On the other hand, coronary vasomotion also is considered as one indicator of coronary artery function using various measuring techniques at the time of physiological hyperemic (e.g. during exercise) or the presence of vasodilators.,, Due to discrepancy in evaluating the function of the coronary arteries, this study attempted to investigate all the articles that evaluated this indicator based on defined methods and using various tools and include them in systematic review.
| Materials and Methods|| |
This systematic review was done based on Cochrane guideline and reported in accordance with the PRISMA format., This review aimed to examine the chronic effect of exercise on the coronary artery function. Accordingly, all related articles indexed in scientific databases were collected and evaluated scientifically.
To avoid bias, the search was performed independently by two researchers (AA [PhD student of sport physiology] and VD [professor of sport physiology]). A librarian (PhD student in Library and Information Sciences) also advised researchers to perform the search process correctly. Duplicates were excluded, at the end of the search phase. The electronic databases – PubMed, Science Direct, Scopus, Web of Science, EMBASE, and Google Scholar – were searched for articles in English from 1986 to 2019. The search was done utilizing keywords related to coronary function (coronary vasomotion, coronary function, coronary blood flow, coronary vasodilation, coronary flow reserve, coronary diameter, coronary endothelial function, and coronary flow velocity reserve) and exercise (exercise, sport, chronic exercise, physical activity, training, endurance, aerobic exercise, anaerobic exercise, strength, running, resistance, and swim). In addition, through investigating the reference lists of the relevant studies, we tried to include more qualified studies. For example, in PubMed website, we used advanced search and inserted two keywords “coronary function” and “exercise” together with the operator “and” between two concepts to retrieve results that include all the search terms. The citations of all articles were collected in Endnote (Thomson Reuters, Philadelphia, PA, USA). However, there were many duplicate articles. Duplicate articles were removed using the software, and a more detailed search was performed on the remaining articles. First, article titles and abstracts were reviewed, and the articles were categorized with the relevant titles in a folder. After these initial reviews, the articles that had initial conditions were reviewed through their full text.
Selection of studies
The eligible studies were included according to the following criteria: (1) randomized controlled trials (RCTs) on people with CAD who received exercise training alone or combined with usual care; (2) studies that evaluated each of the following indicators: CBF, CBV, CFVR, or coronary vasomotion in adaptation to exercise training; (3) adult humans aged >18 years; and (4) duration of intervention ≥4 weeks of exercise.

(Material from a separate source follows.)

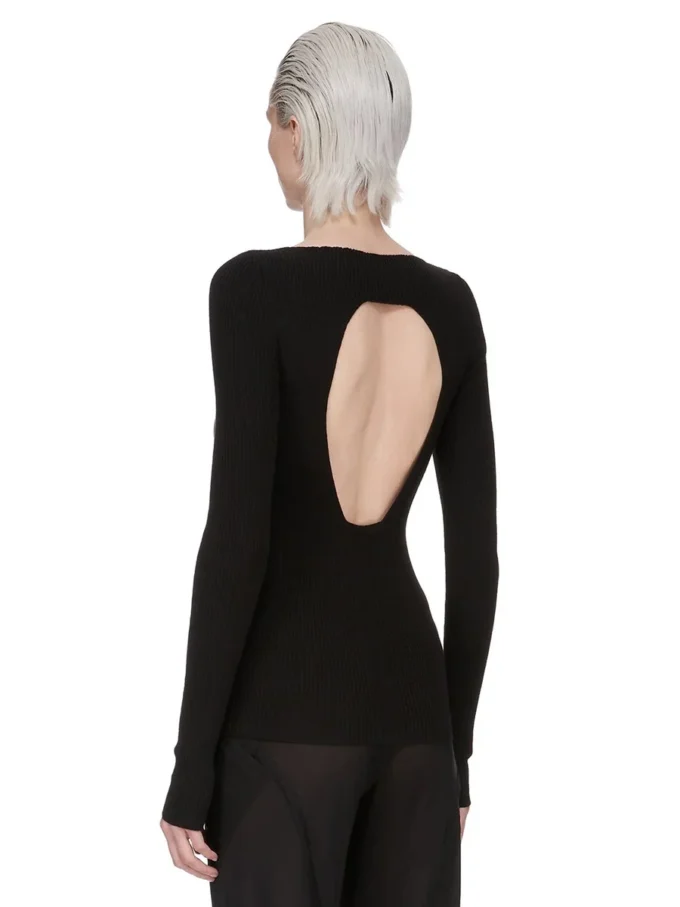 RICK OWENS – MAGLIERIA RP02E4683RIBM-09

Conference proceedings with an abstract alone, case reports, review articles, animal studies, studies with no detailed information, and studies among patients with other diseases such as hypertension, diabetes, heart failure, and obesity were excluded.
Data extraction and quality assessment
As mentioned earlier, choosing eligible studies and data extraction was done by two independent reviewers (AA [PhD student of sport physiology] and VD [professor of sport physiology]). Disagreements were resolved by discussion.
Based on previous studies, a standard form of data extraction was used. This checklist included the author's name, article title, year of publication, location of the study, sample size, population, and gender. Study design, quality, sample size, participants' characteristics, characteristics of exercise intervention (type, duration, and frequency of sessions and intensity and duration of intervention), and outcomes (CFV, CFVR, CBF, and coronary vasomotion) were also extracted on the basis of a form designed for this purpose.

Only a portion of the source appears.